Task to carry out:
Return all of the data that follows precisely, leaving every image out.
*** Block opens ***
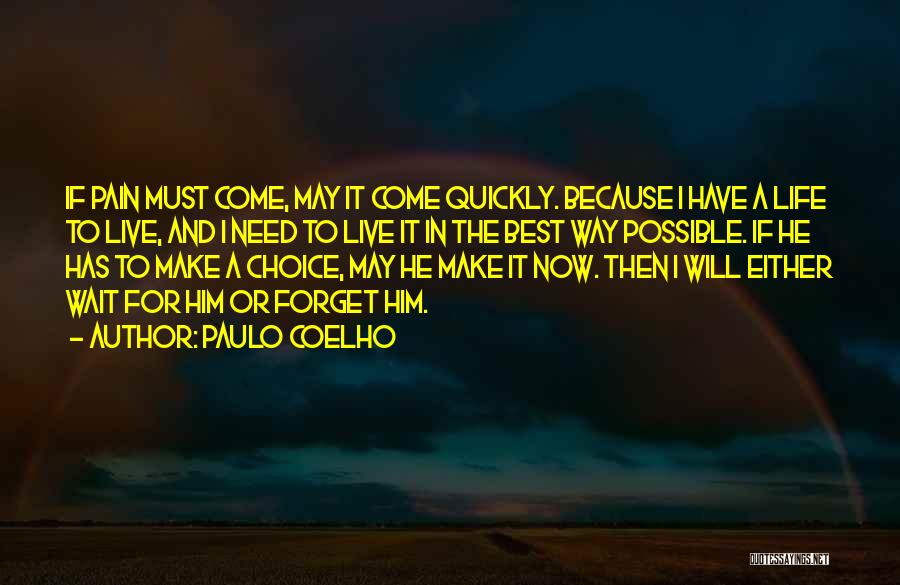 Paulo Coelho Quotes: If Pain Must Come, May It Come Quickly. Because I Have A Life To Live, And I Need To Live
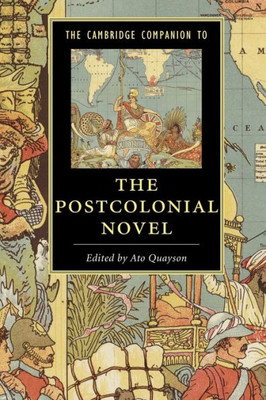 The Cambridge Companion To The Postcolonial Novel (Cambridge Companions To Literature)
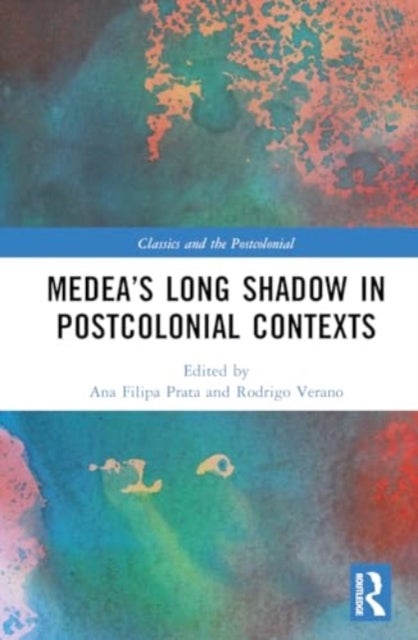 Medea’s Long Shadow in Postcolonial Contexts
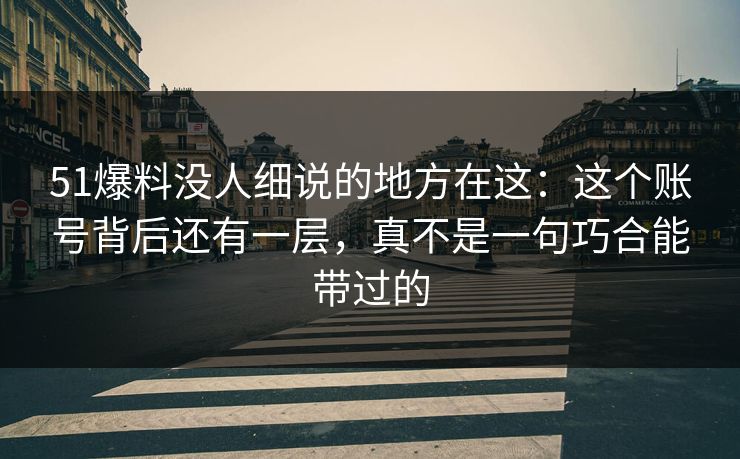 51爆料没人细说的地方在这：这个账号背后还有一层，真不是一句巧合能带过的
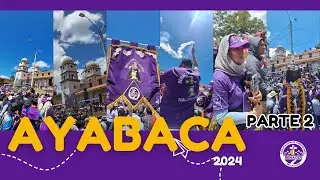 Ayabaca 2024: Renacer en Cautivo | Parte 2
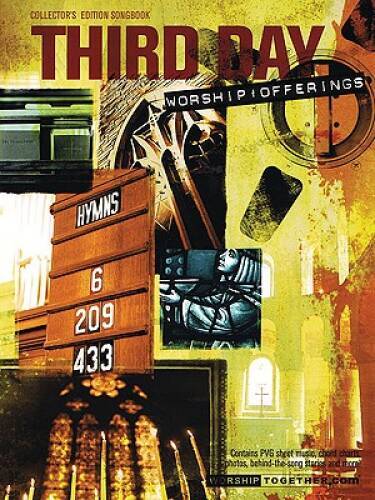 Third Day - Worship Offerings: Collectors Edition Songbook - Paperback - GOOD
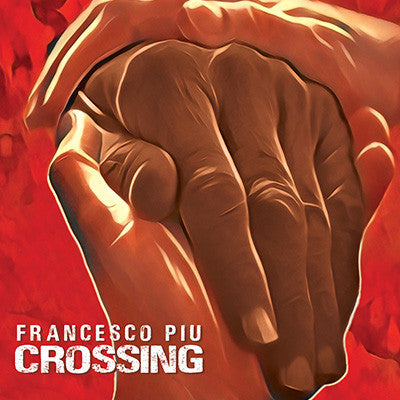 Francesco Piu- Crossing (CD)-BoldPlay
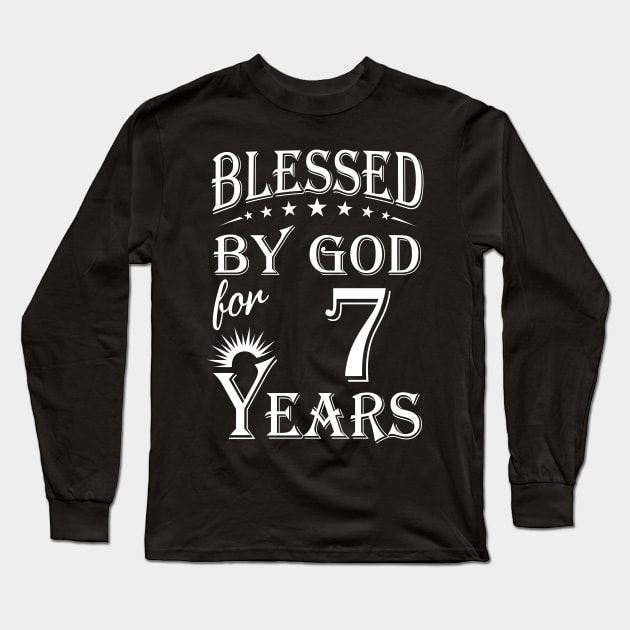 Blessed By God For 7 Years Christian Long Sleeve T-Shirt by Lemonade Fruit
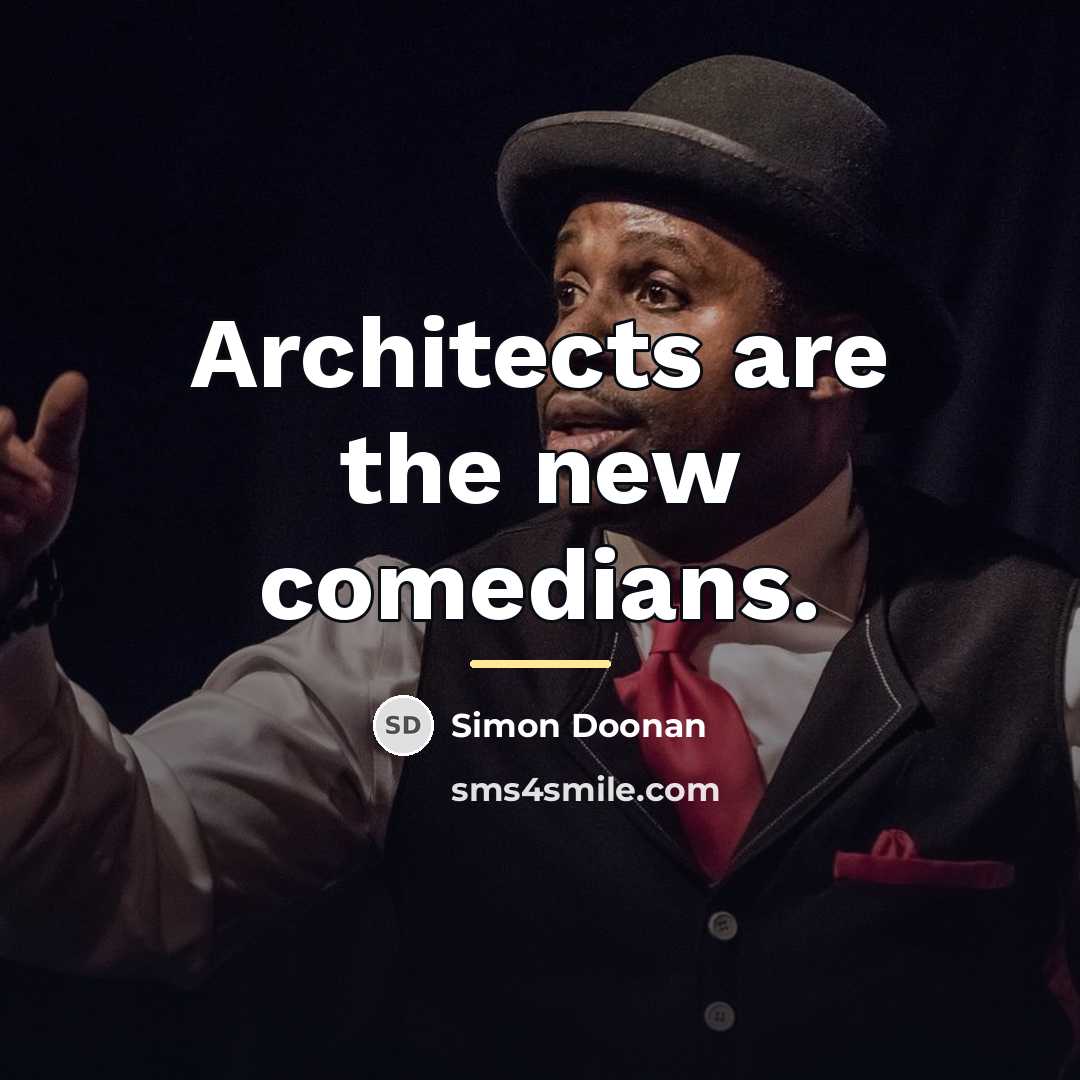 “Architects are the new comedians.…” quote by Simon Doonan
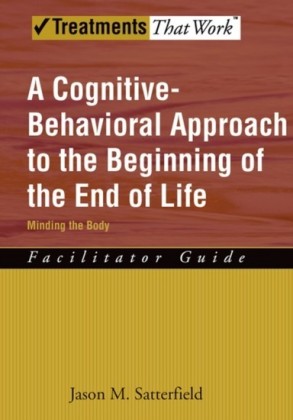 Cognitive-Behavioral Approach to the Beginning of the End of Life, Minding the Body: Facilitator Guide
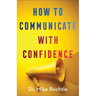 How to Communicate with Confidence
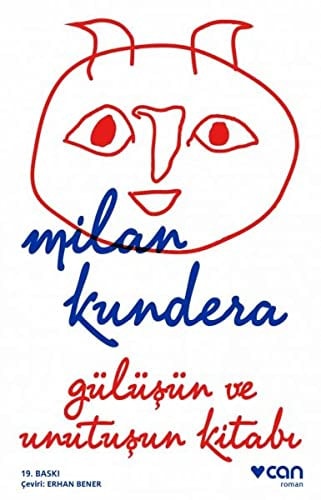 Gülüşün ve unutuşun kitabı roman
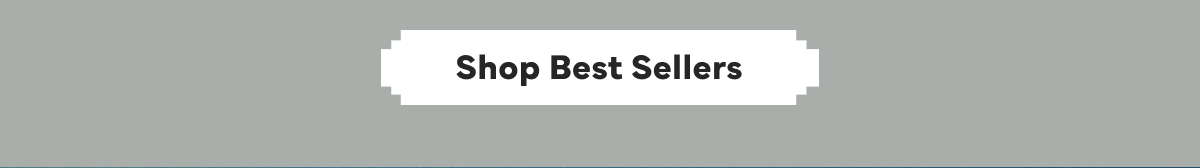 Shop best Sellers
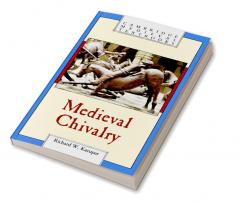 Medieval Chivalry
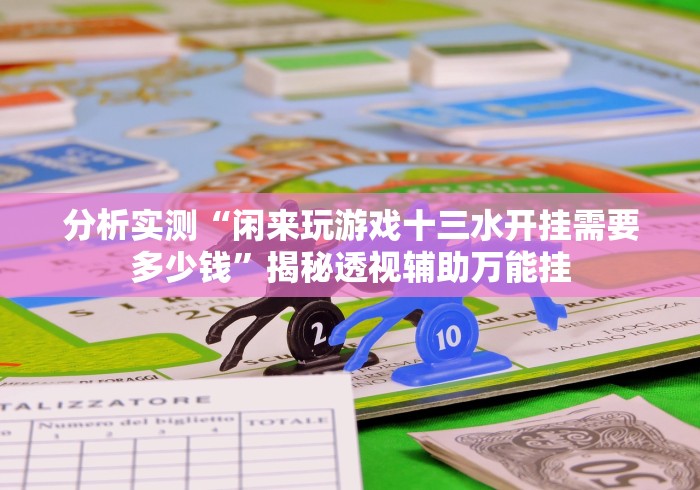 分析实测“闲来玩游戏十三水开挂需要多少钱”揭秘透视辅助万能挂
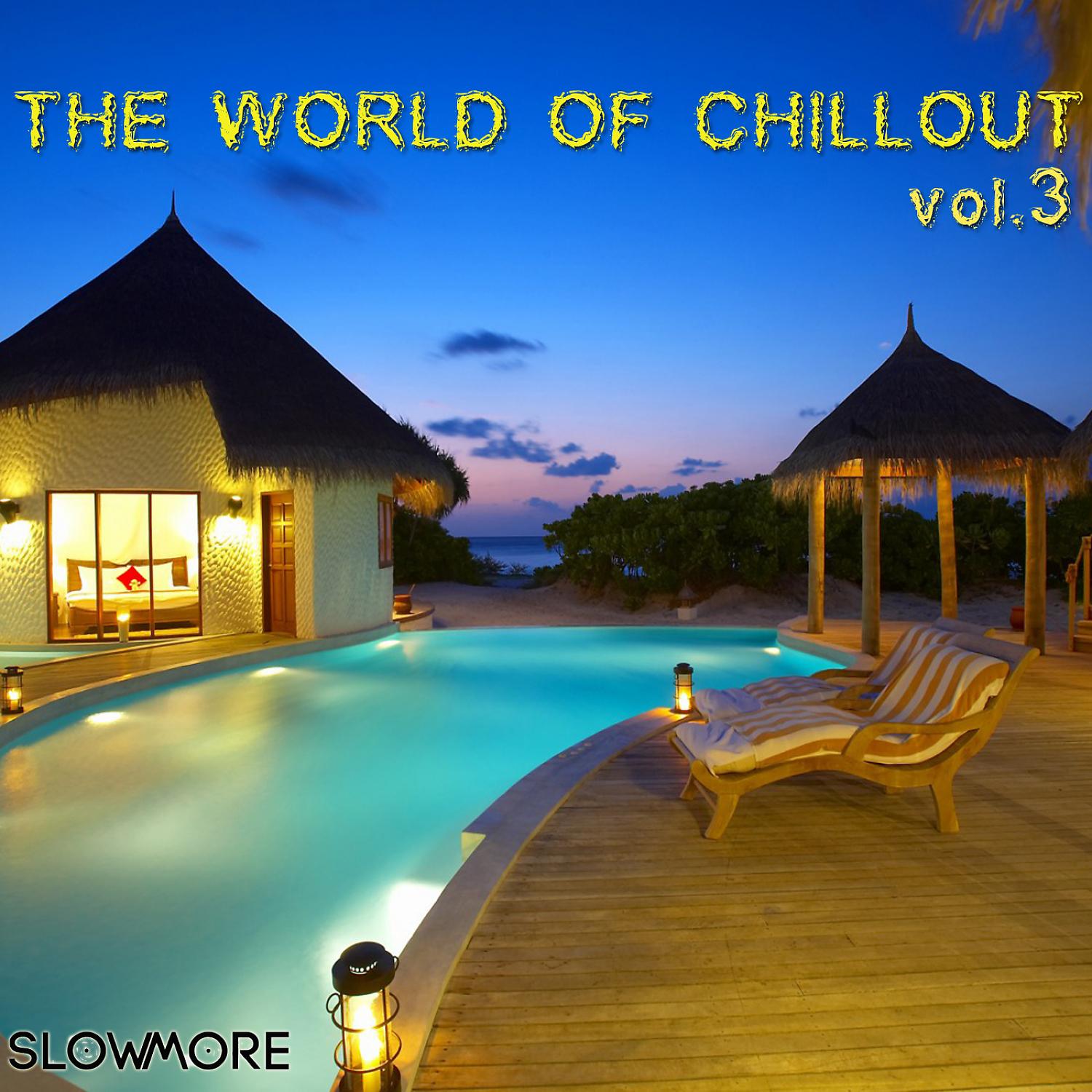 Постер альбома The World of Chillout, Vol 03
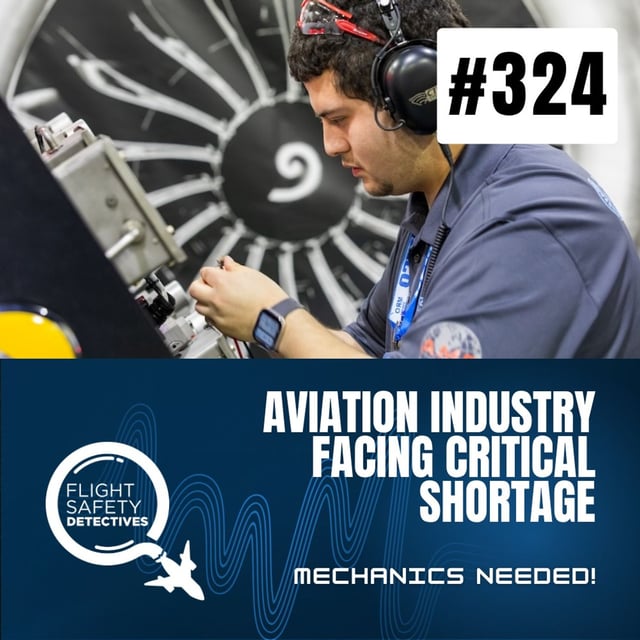Aviation Industry Facing Critical Shortage- Episode 324 image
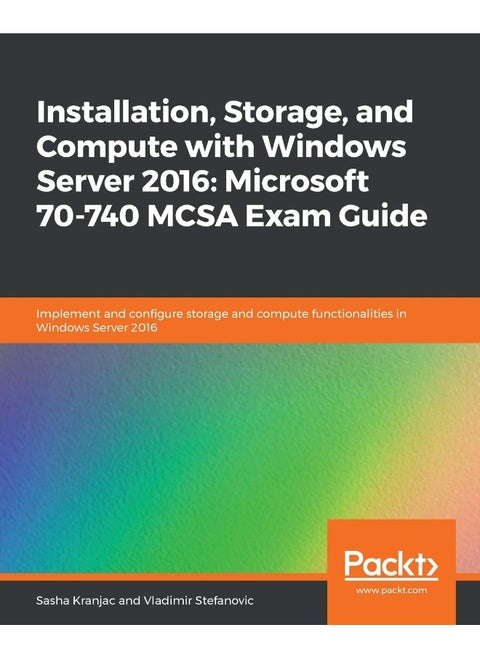 Installation, Storage, and Compute with Windows Server 2016: Microsoft 70-740 MCSA Exam Guide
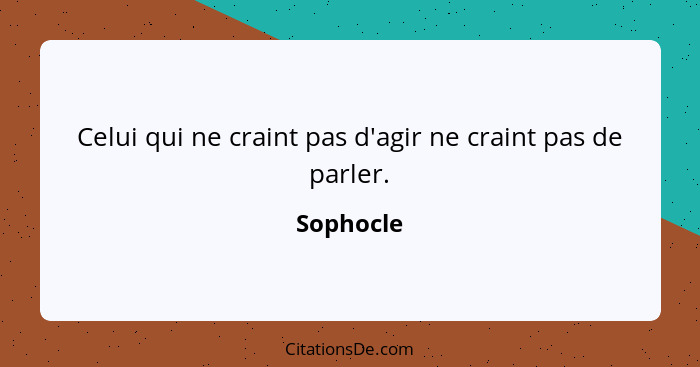 Celui qui ne craint pas d'agir ne craint pas de parler.... - Sophocle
*** Block closes ***
Answer:
 Paulo Coelho Quotes: If Pain Must Come, May It Come Quickly. Because I Have A Life To Live, And I Need To Live
 The Cambridge Companion To The Postcolonial Novel (Cambridge Companions To Literature)
 Medea’s Long Shadow in Postcolonial Contexts
 51爆料没人细说的地方在这：这个账号背后还有一层，真不是一句巧合能带过的
 Ayabaca 2024: Renacer en Cautivo | Parte 2
 Third Day - Worship Offerings: Collectors Edition Songbook - Paperback - GOOD
 Francesco Piu- Crossing (CD)-BoldPlay
 Blessed By God For 7 Years Christian Long Sleeve T-Shirt by Lemonade Fruit
 “Architects are the new comedians.…” quote by Simon Doonan
 Cognitive-Behavioral Approach to the Beginning of the End of Life, Minding the Body: Facilitator Guide
 How to Communicate with Confidence
 Gülüşün ve unutuşun kitabı roman
 Shop best Sellers
 Medieval Chivalry
 分析实测“闲来玩游戏十三水开挂需要多少钱”揭秘透视辅助万能挂
 Постер альбома The World of Chillout, Vol 03
Aviation Industry Facing Critical Shortage- Episode 324 image
 Installation, Storage, and Compute with Windows Server 2016: Microsoft 70-740 MCSA Exam Guide
 Celui qui ne craint pas d'agir ne craint pas de parler.... - Sophocle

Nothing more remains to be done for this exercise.